Assim, quando a pessoa pede um carro em uma dessas microrregiões, o sistema já sabe qual é o melhor motorista para atendê-la. E, diferentemente dos aplicativos brasileiros, o sistema da Didi Chuxing também consegue distinguir a direção que os carros estão indo, o que ajuda a traçar a melhor rota até os usuários. A empresa chinesa já destacou um grupo de engenheiros para trabalhar juntamente com a 99 e implementar a tecnologia. A Didi Chuxing tem cerca de 400 milhões de usuários e 20 milhões de motoristas — mais do que o Uber nos 70 países onde opera.
A introdução dos carros particulares e a competição entre as empresas são boas notícias para os usuários brasileiros, mas muita gente vem se perguntando se esse modelo, do jeito que vem sendo tocado até agora, não poderá resultar num serviço pior do que quando havia somente os táxis. Pelos cálculos da consultoria Bain & Company, essa é uma possibilidade real. O foco do estudo foi a cidade de São Paulo, mas a consultoria acredita que as outras grandes cidades brasileiras devam estar passando pelo mesmo problema.
O motorista de período integral que vive somente com o que ganha de serviços como o UberX, o modelo mais barato, ou do táxi com corridas com 30% de desconto, uma modalidade da 99 e da Easy, está com uma remuneração defasada em cerca de 10%. Esse seria o aumento necessário para garantir uma remuneração mensal de 3 000 reais, fora os custos com combustível, manutenção e depreciação do automóvel.
Sem uma elevação dos ganhos, as cidades onde esses motoristas trabalham terão duas possíveis consequências: a idade média da frota tenderá a aumentar por falta de investimento dos proprietários em novos carros e o nível educacional dos motoristas poderá cair à medida que eles começarem a procurar ocupações que ofereçam uma renda maior quando o índice de desemprego baixar. Técnicos da prefeitura de São Paulo dizem estar atentos às correções de rumo necessárias.

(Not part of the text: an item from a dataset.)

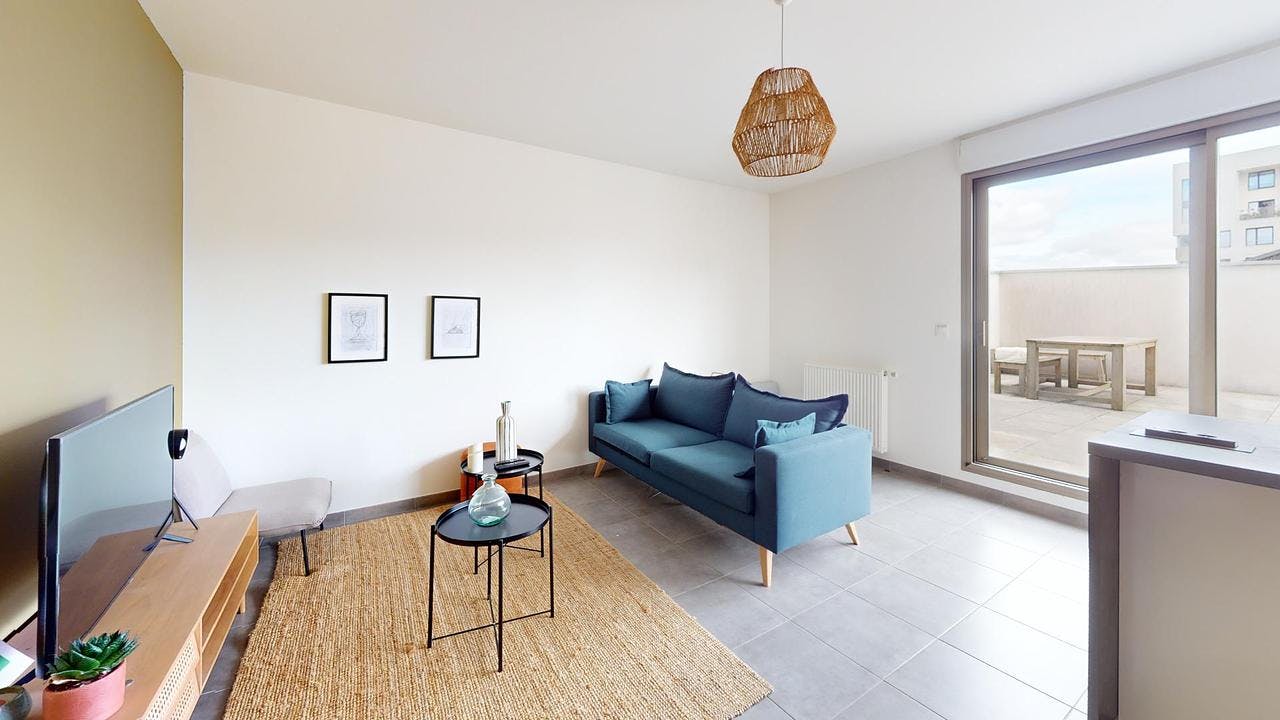 Apartment Bordeaux, 112m² — photo 5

Uma das ideias em debate é a adoção do sistema de preço dinâmico, que leva em conta a oferta de carros e a demanda dos clientes e é exatamente o adotado pelo Uber. A lógica é que um taxista que esteja trabalhando na saída de um show à noite deveria ganhar mais do que um que trabalha numa noite de baixa demanda. Medidas como essas serão necessárias pelo menos enquanto os motoristas forem imprescindíveis.

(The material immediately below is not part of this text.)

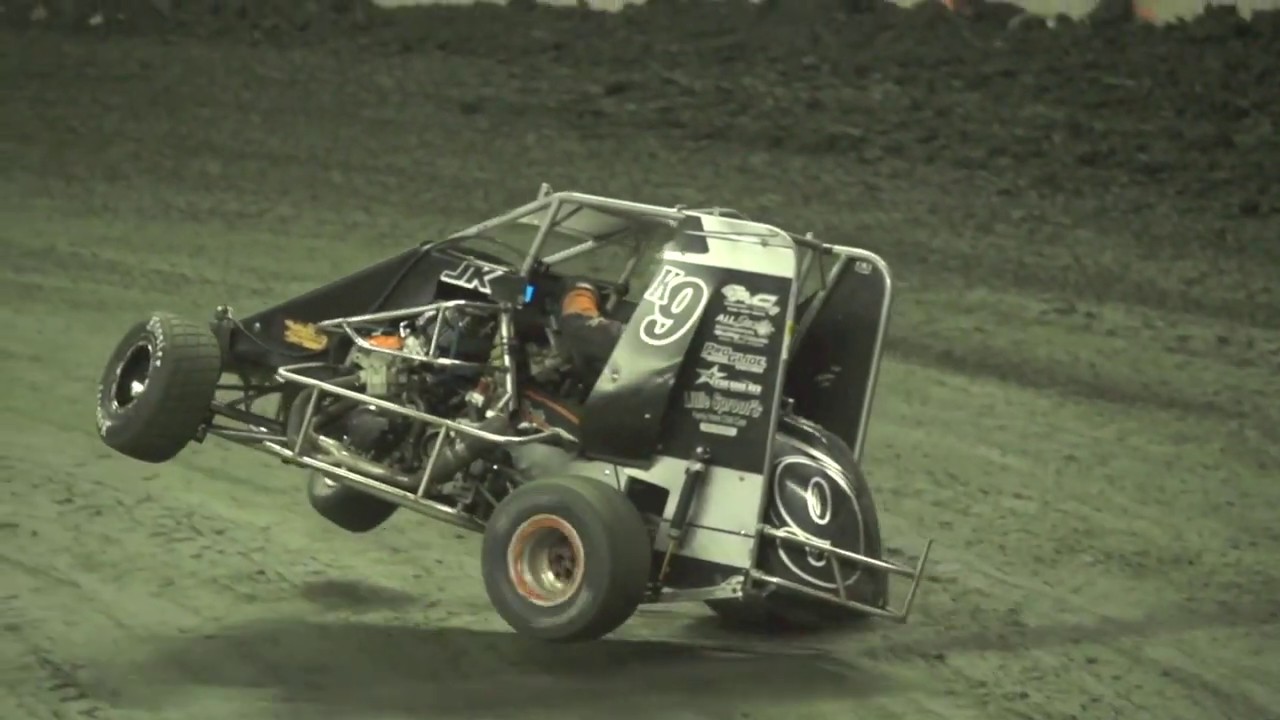 Hyper Racing East Coast Indoor Dirt Nationals Rewind YouTube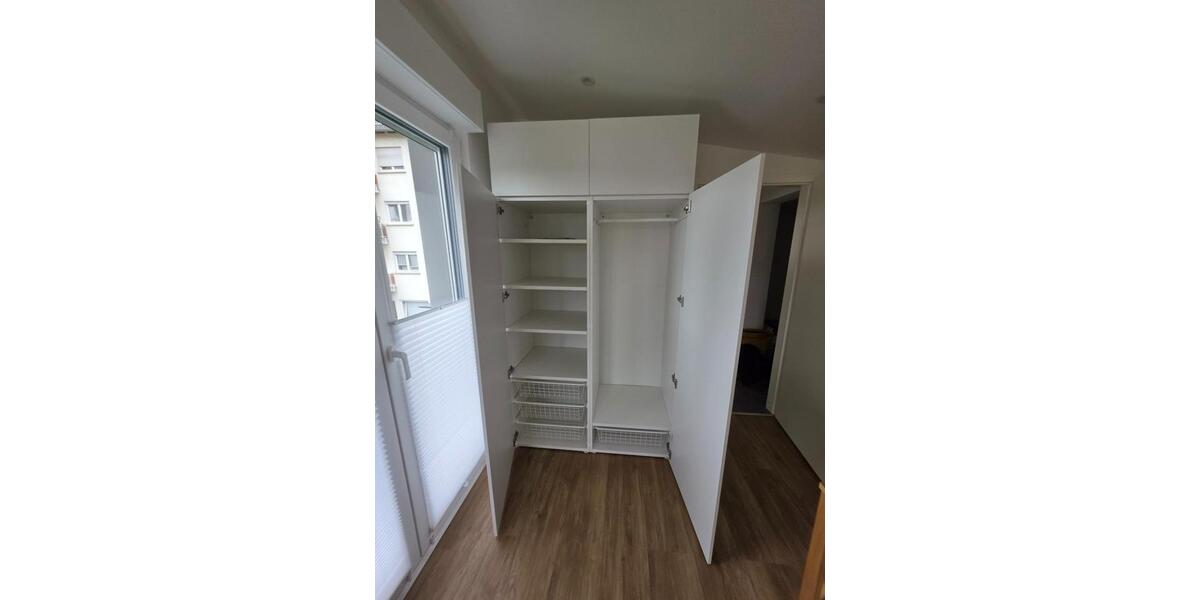 Etagenwohnung Heidelberg Boxberg - 1 Zimmer, 33 m&sup2;, 640&euro; | Angebot:26038770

Já faz algum tempo que pensar no uso de carros autônomos deixou de ser um sonho distante. Algumas empresas de tecnologia, como Uber e Google, e quase todas as montadoras vêm testando esses veículos. No caso do Uber, o interesse tem a ver com uma potencial ameaça a seu modelo de negócios. A empresa é alvo de ações trabalhistas de ex-motoristas em vários países, como Estados Unidos, Grã-Bretanha e Brasil. Até agora não houve uma decisão definitiva.

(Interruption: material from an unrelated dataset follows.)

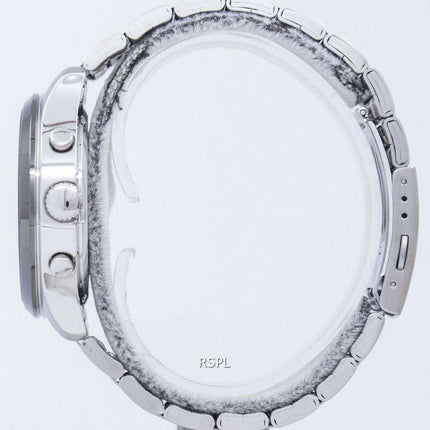 Orologio da uomo Seiko Cronografo al quarzo SKS593 SKS593P1 SKS593P ricondizionato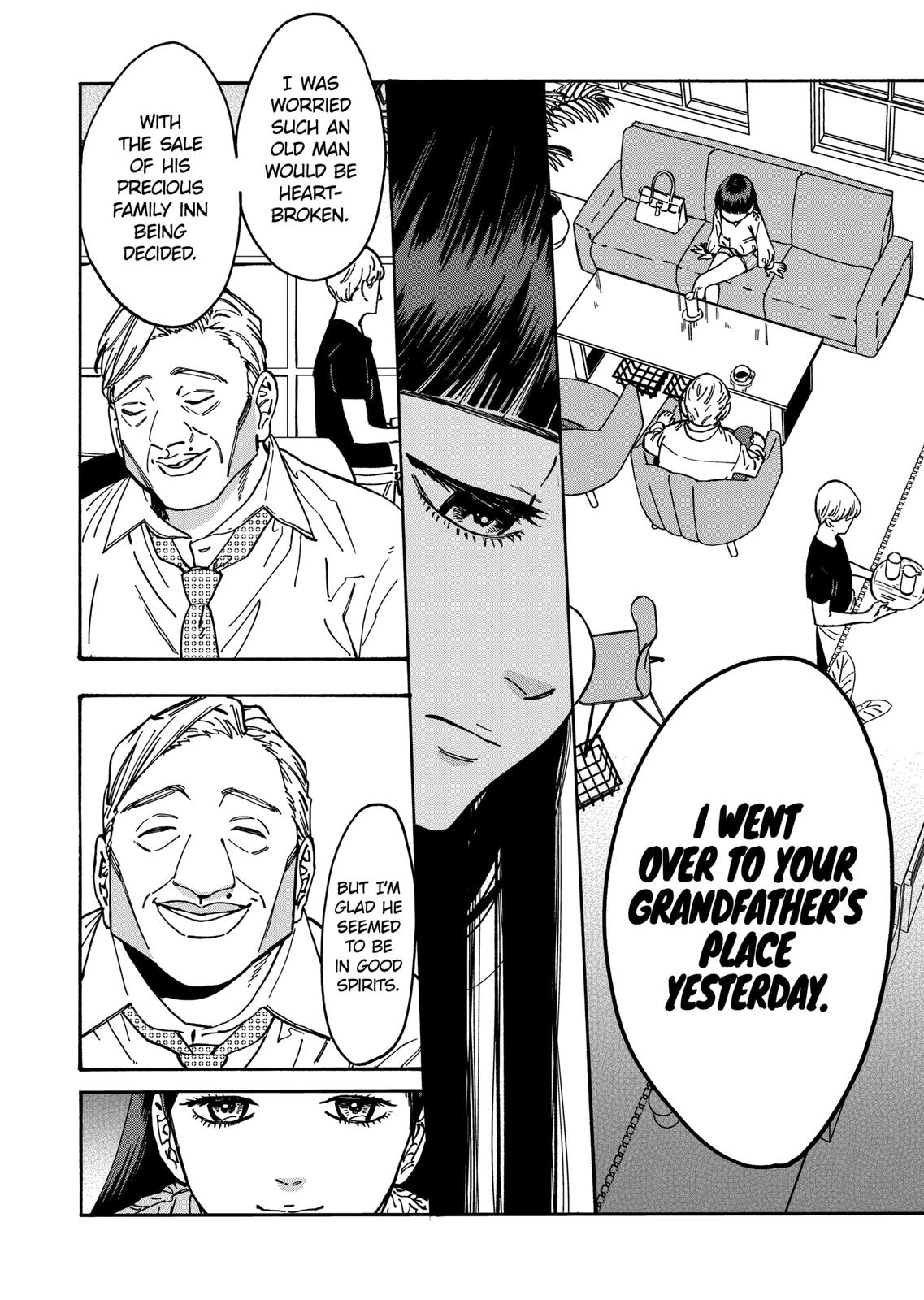 Promise Cinderella Chapter 99 page 2 - Chapter 99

Para o Uber, carros autônomos também são sinônimo de diminuição de custos (leia-se, a remuneração dos motoristas). Por isso, no final de janeiro, a empresa costurou uma parceria com a alemã Daimler, uma das montadoras mais ativas nessa área. “Sistemas autônomos de direção nunca se distraem, jamais dormem e conseguem reagir a situações de emergência em um tempo muito menor do que se fossem conduzidos por motoristas experientes”, diz o alemão Svenn Ennerst, diretor de engenharia da Daimler Trucks.
Dados divulgados no começo de fevereiro pelo Departamento de Trânsito da Califórnia, um dos estados que mais realizam testes, mostram que o número de intervenções humanas tem sido cada vez menor. Em 2015, os carros do Google rodaram 680 000 quilômetros e a média das intervenções foi uma a cada 2 000 quilômetros. Em 2016, o total foi de 1 milhão de quilômetros e a média caiu para uma a cada 8 000 quilômetros. Para a consultoria McKinsey, os carros autônomos deverão ser 15% dos veículos novos vendidos em 2030. Ninguém pode, hoje, dizer se Uber ou Didi terão lugar nesse futuro. Mas, até lá, cada uma fará o possível e o impossível para que a outra fique pelo caminho.